Pour le mettre à l'épreuve, l'équipe a recruté 5000 personnes, âgées de 16 à 64 ans, des États-Unis et du Royaume-Uni au début de la saison de la grippe 2024. Aucun des participants ne risquait de complications liés à la grippe ni n'avait encore reçu de vaccin contre la grippe cette année-là. L'équipe a divisé les participants en quatre groupes à peu près égaux. Trois ont reçu une seule injection de CD388 à un dosage faible, moyen ou élevé, tandis que les participants restants ont pris un placebo.
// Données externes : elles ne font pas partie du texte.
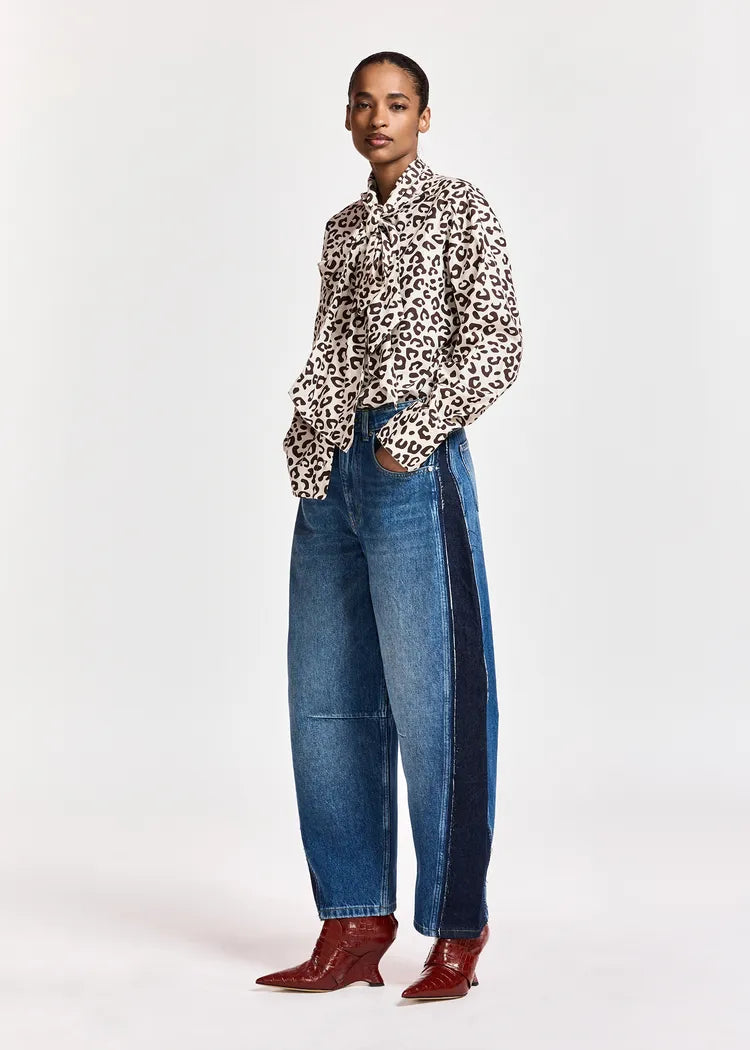 Essentiel Antwerp Blue Barrel-Leg Denim Jeans with Black Side Panels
Environ six mois plus tard, les chercheurs ont examiné combien de participants avaient des infections symptomatiques de la grippe pendant toute la saison de la grippe – définies par la présence d'ADN du virus de la grippe dans les écouvillons nasaux, ainsi que des symptômes pseudo-grippaux tels qu'une toux et une fièvre.
Alors que 33 personnes dans le groupe placebo avaient une grippe symptomatique, seulement huit personnes qui ont pris une dose élevée de CD388 l'ont fait – une réduction d'environ 76% du risque. Ceux des groupes à dose moyenne et à faible dose ont vu leur risque d'infection symptomatique réduit respectivement de 61% et 58%. «Toutes les doses ont démontré une protection significative contre la maladie de la grippe», explique Nicole Davarpanah, médecin-chef de Cidara. Des effets secondaires similaires, tels que la sensibilité au site d'injection, se sont produits dans les groupes de traitement et du placebo.
Les résultats suggèrent que le CD388 pourrait offrir un moyen plus simple de protéger les gens que les vaccins. « (Contrairement aux vaccins, il n'aurait pas besoin d'être jumelé aux souches circulantes et pourrait être plus efficace au cours des années de« mauvais match »ou dans le cadre de la préparation pandémique si une nouvelle souche de grippe, telle que les souches H5N1, emménagera dans les humains», explique Penny Ward au King's College de Londres. Sur la base des données antérieures sur le zanamivir, il est peu probable que les souches de grippe évoluent également, dit-elle.
Surtout, l'approche devrait bien fonctionner chez les personnes connues pour répondre mal à la vaccination, comme les personnes âgées ou les immunodéprimés, car il ne reposait pas sur la réponse immunitaire de l'hôte, explique Ward. Pour explorer cela, Davarpanah dit que l'équipe prévoit un essai dans des personnes immunodéprimées âgées de 12 ans et plus.
Stein dit que, plutôt que de remplacer les vaccins, le médicament peut fonctionner le mieux en conjonction avec eux – bien que cela n'ait pas encore été testé. Pourtant, les résultats sont en temps opportun au milieu du scepticisme croissant des vaccins. «Cela évite la controverse qui est malheureusement maintenant associée aux vaccins», explique Stein.